Emergence and impact of plasmepsin gene amplifications (pfpm2 and pfpm3) in French Guianese isolates between 1997 and 2018 (A) Prevalence of pfCRT³⁵⁰ polymorphism (isolate population=N) and pfpm2 and pfpm3 multiple copies (isolate population=n). Like pfCRT^C350R (ie, Cys350Arg), pfpm2 and pfpm3 amplifications rapidly rose in frequency after their initial emergence, culminating in 29 (83%) of 35 isolates (95% CI 70·4–95·3%) between 2012 and 2014. Blue bars represent pfCRT^C350 carriers and red bars, pfCRT^C350R mutants; black error bars show the SD between the years. The green dashed line shows the percentage of isolates with multiple copies of pfpm2 and pfpm3, green error bars display the 95% CI. (B) The pfpm2 and pfpm3 copy number status depending on the pfCRT³⁵⁰ polymorphism (isolate population=n).

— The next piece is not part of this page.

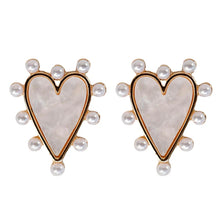 Load image into Gallery viewer, Pearl Studded Heart Earring

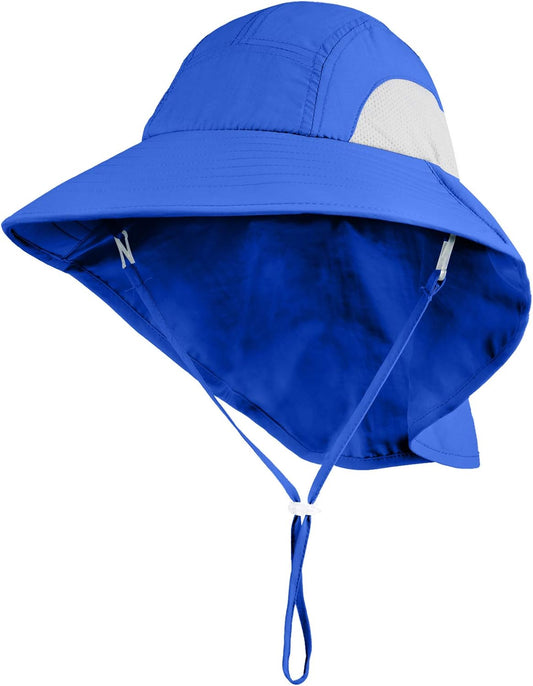 Kids Large Brim UV Protection Sun Hat with Neck Flap Mesh Fishing Cap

Blue bars represente pfCRT^C350 carriers with a single copy of pfpm2 and pfpm3, light-blue bars for pfCRT^C350 carriers with multiple copies of pfpm2 and pfpm3, red bars for pfCRT^C350R mutants with a single copy of pfpm2 and pfpm3, and pink bars for pfCRT^C350R mutants with multiple copies of pfpm2 and pfpm3. (C) Survival rate after piperaquine pressure depending on isolate genotype. Blue circles represent pfCRT^C350 carriers with a single copy of pfpm2 and pfpm3, light-blue circles indicate pfCRT^C350 carriers with multiple copies of pfpm2 and pfpm3, red circle indicate pfCRT^C350R mutants with a single copy of pfpm2 and pfpm3, and pink circles indicate of pfCRT^C350R mutants with multiple copies of pfpm2 and pfpm3. Multiple copies of genes is ≥2. Significance was determined by a Dunn test for multiple comparisons using R; *p<0·05, **p<0·01, and ***p<0·001. Sample size=n. (D) Temporal analysis of piperaquine resistance markers emergence and prevalence in southeast Asia and South America. PfCRT mutation is in red and pfpm2 and pfpm3 amplifications are in green. The timeline depicts periods from 2000 to 2020. Coloured arrows pinpoint the time of the first emergence for each piperaquine resistance markers. The different drug pressures are represented, with dashed arrows for non-conventional usage. Pfpm2 and pfpm3=plasmepsin 2 and the plasmepsin 3. PfCRT=Plasmodium falciparum chloroquine resistance transporter.